Type out the whole listing again exactly, pictures omitted.

### Material provided

>>>

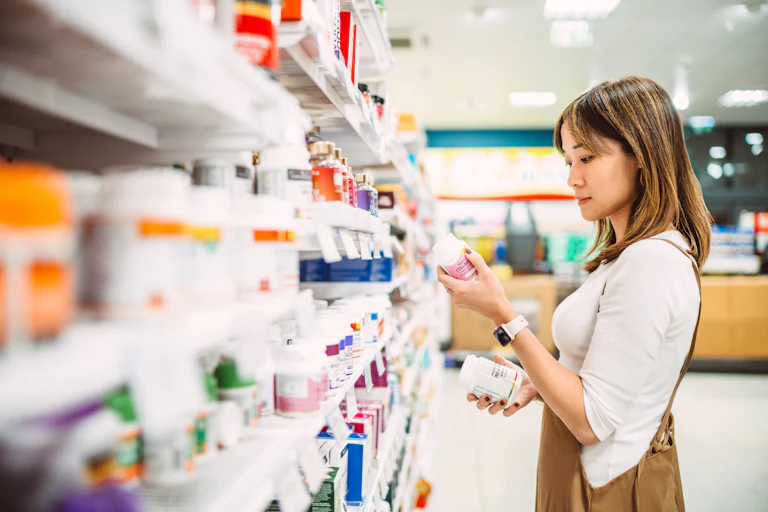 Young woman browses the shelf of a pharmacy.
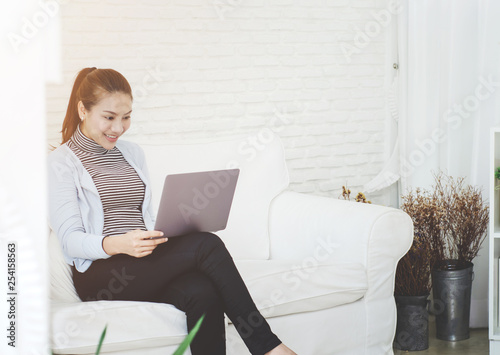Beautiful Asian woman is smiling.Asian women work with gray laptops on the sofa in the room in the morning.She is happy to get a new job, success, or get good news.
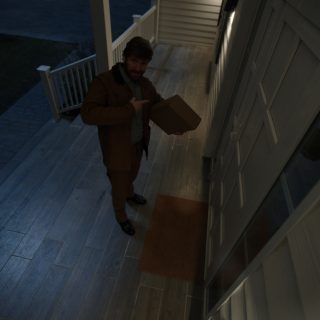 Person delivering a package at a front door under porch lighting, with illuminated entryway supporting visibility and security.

<<<

### Reply to the task
 Young woman browses the shelf of a pharmacy.
Beautiful Asian woman is smiling.Asian women work with gray laptops on the sofa in the room in the morning.She is happy to get a new job, success, or get good news.
 Person delivering a package at a front door under porch lighting, with illuminated entryway supporting visibility and security.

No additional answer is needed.